Brian Behlendorf (brian@wired.com)
Sat, 22 Oct 1994 17:27:08 -0700 (PDT)


On Fri, 21 Oct 1994, Mark Waks wrote:
> So, an alternate concept to chew on. VRML pages are just like HTML pages,
> spread all over the Net, defining a "space". MUDs are programs that you
> plug into on some systems, which behave much like current MUDs, except
> that they track which URL you're in, what your motion is, and so on.
> Your browser is responsible for synthesizing this: taking the page that
> you're in, and combining that with the information (probably also VRML)
> being sent from the MUD which describes the other people and "things" that
> are present in that room.

This is very close to what Ubique is working on, (again,
<http://www.ubique.com/>). They have written a specialized version of
Mosaic, which has two extra windows added. In one window, you can talk
(type) to anyone else who is concurrently "inhabiting" that page a la IRC or
a chat system. In the other window is an iconic representation of all the
users on that page - you can set your icon to be anything you want. This
extra information is being sent over a persistant connection to a specialized
Ubique server sitting on the same machine as whatever page you're visiting.
I have some questions as to scalability for this system, but other than that
it's the best model for real-time interaction on the Web I've seen (the other
attempts at MOO-Web integration haven't caught my fancy too strongly).
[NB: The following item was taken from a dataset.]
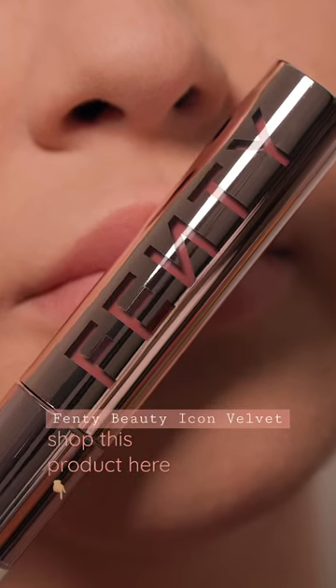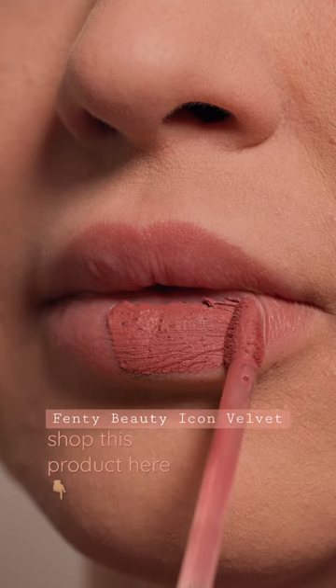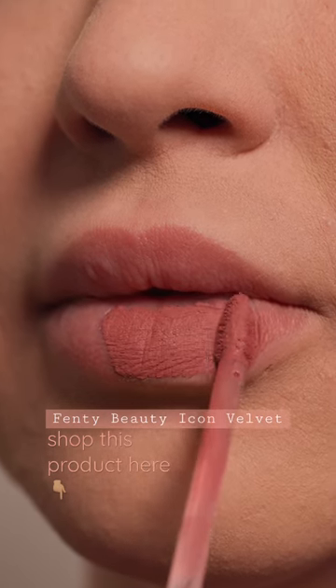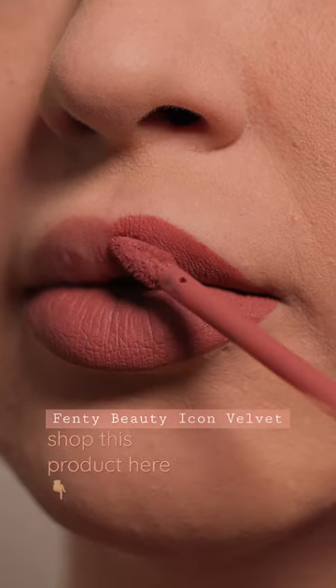For those who like velvet lipsticks but want one that is long-lasting, here is the Fenty Beauty Icon Velvet. This is the shade Riri, which is my absolute favorite from the line. It's a beautiful pink that I think suits any skin tone.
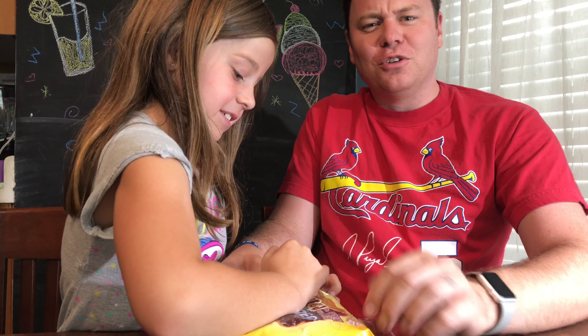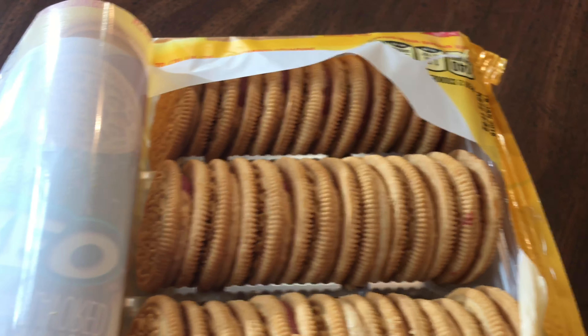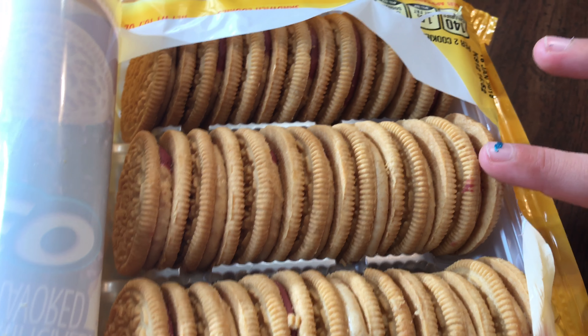I smell the peanut butter. Oh, I do too. Let's go ahead and let everybody take a peek around with us. And there you can see three rows of cookies. You can see the jelly side and the peanut butter side right there.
And
folks, it's not a far jump to think that if people can co-inhabit HTML
space like this, they could co-inhabit VRML space (though yes, the
conversants in Ubique's model don't actually change or influence the page
they're on, well, not yet anyways ;)

> Problem is, some pages are *very* popular. What happens to, say, the
> music-archive room when there are 10,000 people in it? If we have
> firmly linked the room to the MUD 1-to-1, it's going to be unusable.
> But if a MUD essentially just defines *who* you're talking with, you
> could have dozens of separate MUDs. Each could get to the music archive
> room, but you'd only encounter the people in *both* that MUD and that
> room, rather than everyone using that room at once.

Yeah, this was my scalability question. Are the basic data structures web
pages with lists of users, or is it this-user-is-on-this-page?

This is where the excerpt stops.